##### Input material
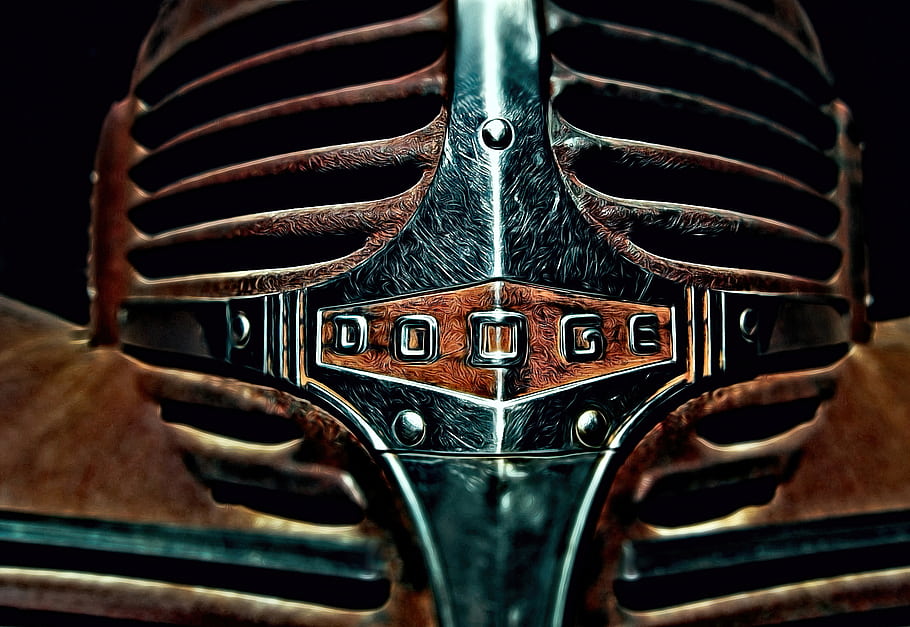 Vintage Dodge, Car Detail, Topaz Labs, Graphic Filter, Digital Art, Classic Auto, Automotive Emblem, Grille Design, Automotive History, Classic Cars, Restyle Filter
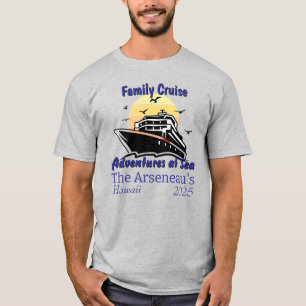 T-shirt Coucher de soleil croisière famille bleu sur gris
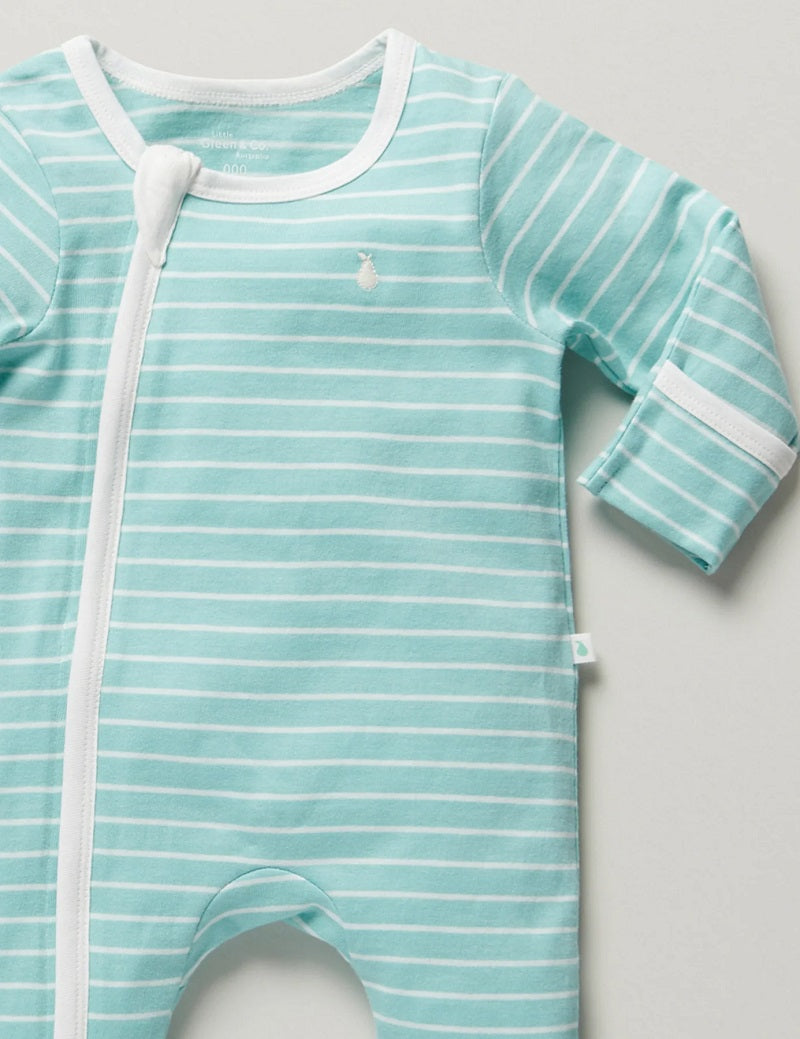 Little Green & Co Core Jersey Zip Onesie - Ice Stripe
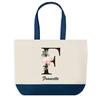Sac cabas - PLANETEE - Francette - Fond bleu Lettre Fleur - Coton 40x45 cm - Grand format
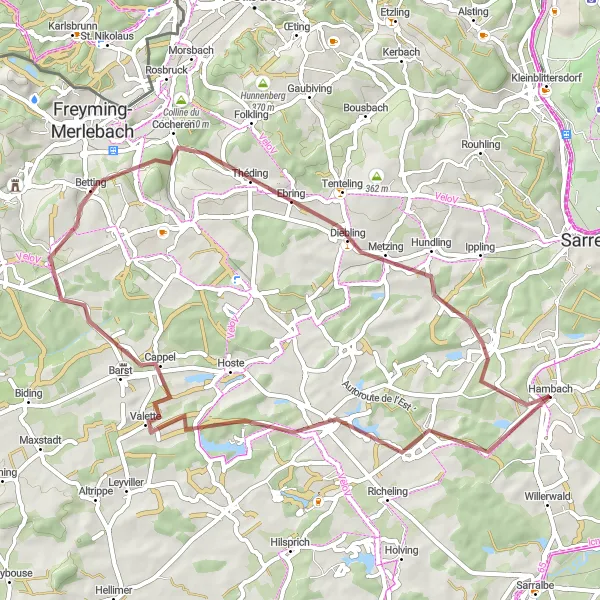 Map miniature of "Hambach Gravel Adventure" cycling inspiration in Lorraine, France. Generated by Tarmacs.app cycling route planner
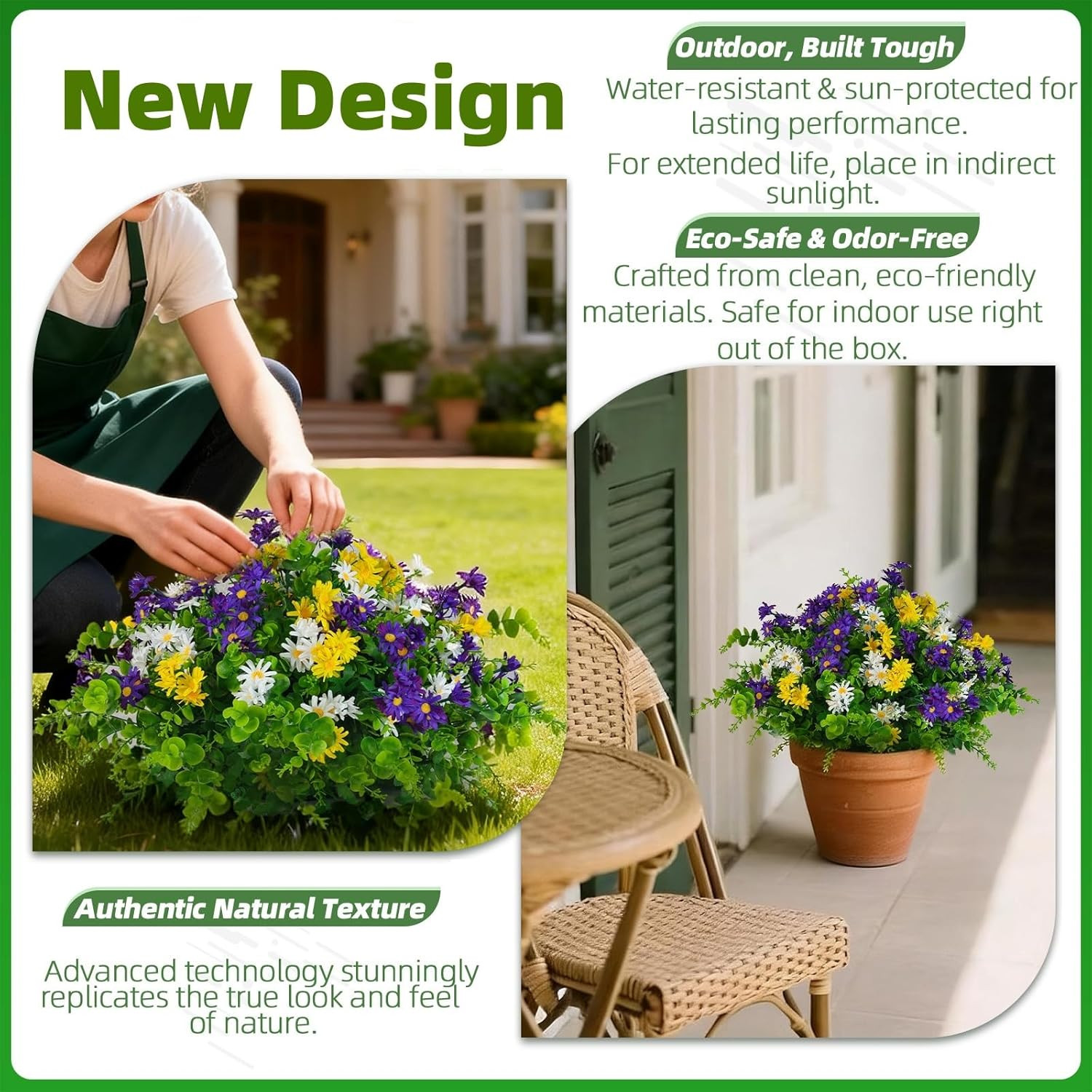 20” UV Resistant Artificial Daisy Topiary for Outdoor Decor & Planters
##########
- **Problem requirements**: Return exactly the lines from the one with "Little Green &" through the last line of the entries above, both ends included. No pictures may appear in the copy.

- **Solution for this task**:
 Little Green & Co Core Jersey Zip Onesie - Ice Stripe
Sac cabas - PLANETEE - Francette - Fond bleu Lettre Fleur - Coton 40x45 cm - Grand format
 Map miniature of "Hambach Gravel Adventure" cycling inspiration in Lorraine, France. Generated by Tarmacs.app cycling route planner
 20” UV Resistant Artificial Daisy Topiary for Outdoor Decor & Planters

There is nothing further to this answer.